私はすでにアメリカ軍のジョン・C・ステニス(USS John C. Stennis) と ドワイト・D・アイゼンハワー(USS Dwight D. Eisenhower)の空母艦戦闘グループ(CVBG)二つがペルシャ湾と(もしかしてインド洋にも)出動しているという話をしたが、これが普通の戦闘グループであるならすでに次の装備がされたことになる。

  • ニミッツ級原始力駆動の空母艦、2隻
  • イージス装備のクルーザー、4隻;
  • 同じくイージス装備のデストロイヤー、4〜6隻;
  • 対潜水艦用フリゲット(ASW)、2隻;
  • ロスアンジェルス級速攻潜水艦、4艦;
  • 戦闘機や攻撃・輸送用ヘリコプターあわせて180機。
  • ペルシャ湾を航海するアメリカ及び同盟国の船をイランからの攻撃から守れる航空防衛可能なペイトリアット用のバッテリー

そして本日英国タイムス(UK Times Online) は英国が 爾来排除船 二隻をペルシャ湾に送ったと発表した。

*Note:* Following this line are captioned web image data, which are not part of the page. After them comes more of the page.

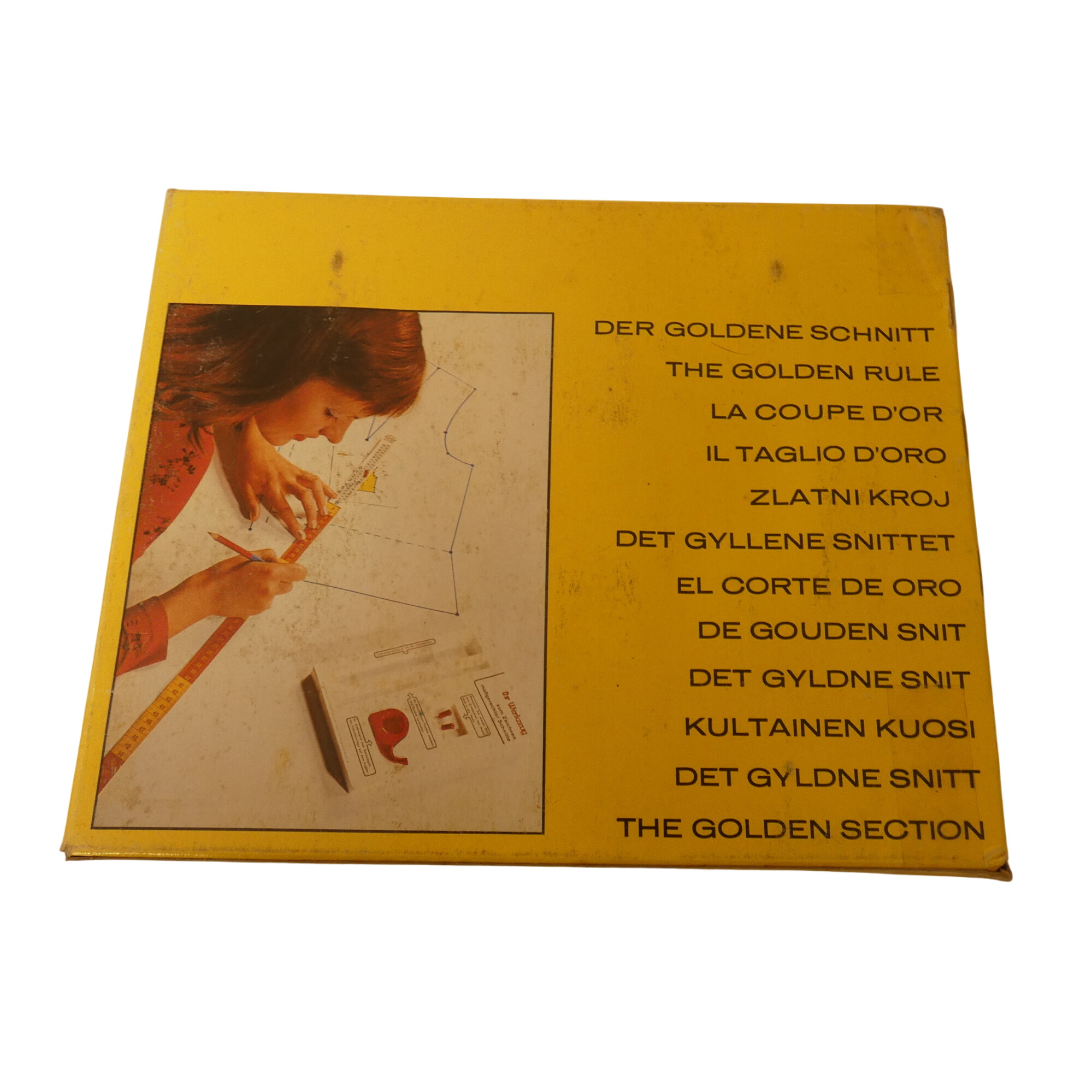 Kit de couture "La Coupe d'or - Lutterloh" - Bon état sur Label Emmaüs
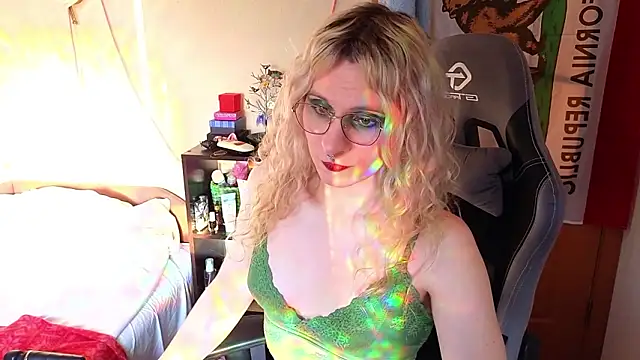 Lori Myaf online show from 11, 3, 2026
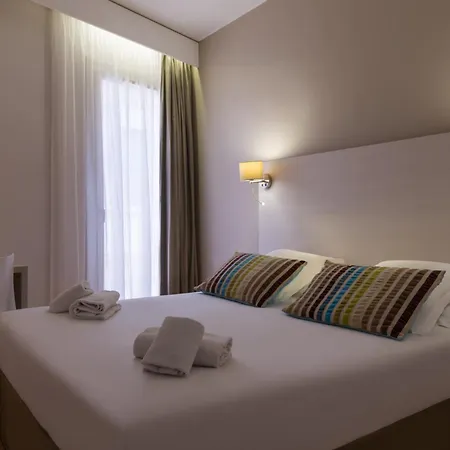 Hotel The Originals Boutique, Cassitel,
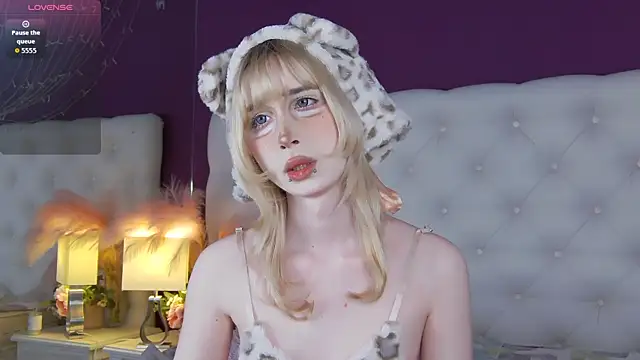 Snapshot of cutetomie chatting on August 2, 2026, 9:12 pm cutetomie online show from August 2, 2026, 9:12 pm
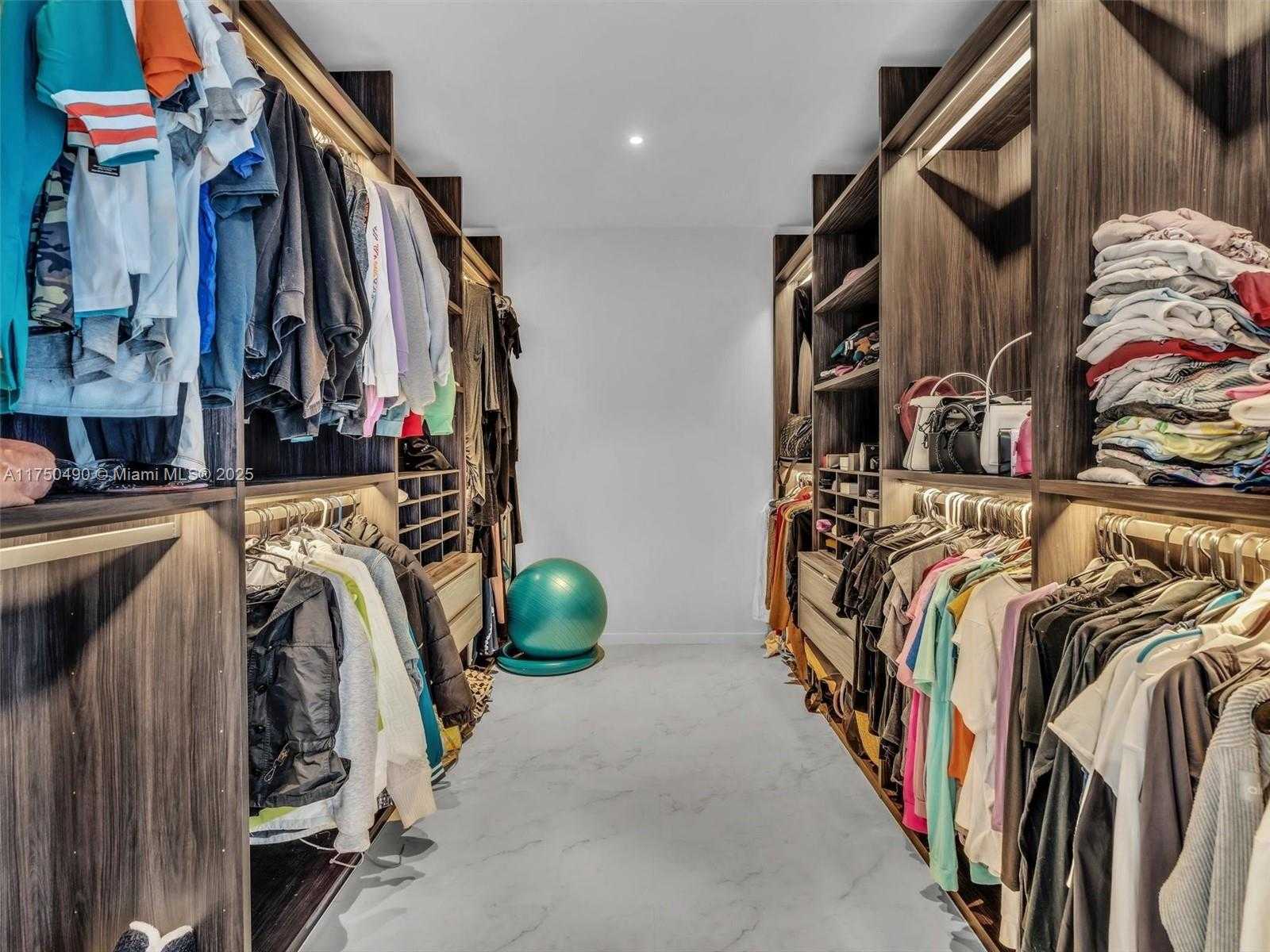 Small Image of 2000 SOUTH OCEAN DR #29B, Hallandale Beach Number 20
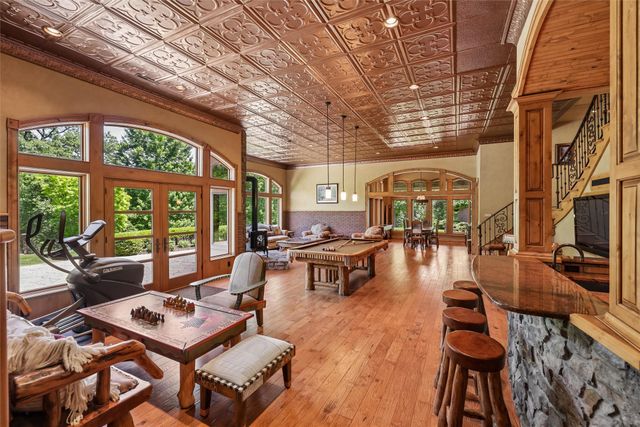 470 Painted Woods Drive, Waukee, IA 50263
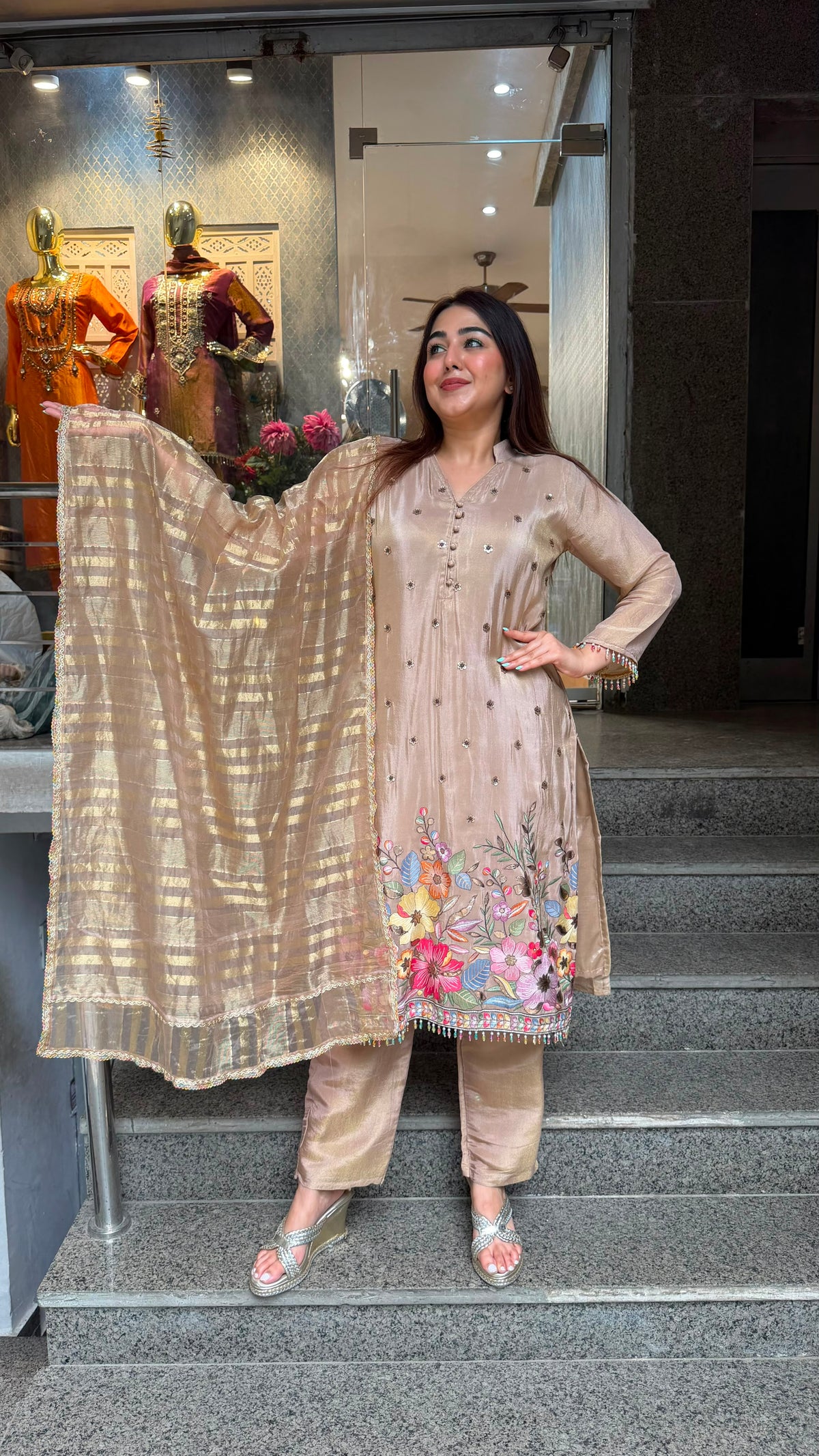 THE DILBAGH SUIT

英国が送ったのは二つの爾来排除船、HMS Blyth と HMS Ramseyである。二隻は湾岸に, イランが石油輸出用航路を塞ごうとする場合に備えて2年間にわたって航路の安全を守る任務を果たす。

ホワイトハウスはイランへの軍事行使の計画はないと主張している。しかしコンデリーザ・ライス国務長官はこの武装強化はイランの「不安定な振る舞い」に対して常に変化していく作戦の一部であると説明した。

さてここで私が先日今こそイランを攻めるチャンスで紹介した歴史家のアーサー・ハーマン氏の作戦を思い出していただきたい。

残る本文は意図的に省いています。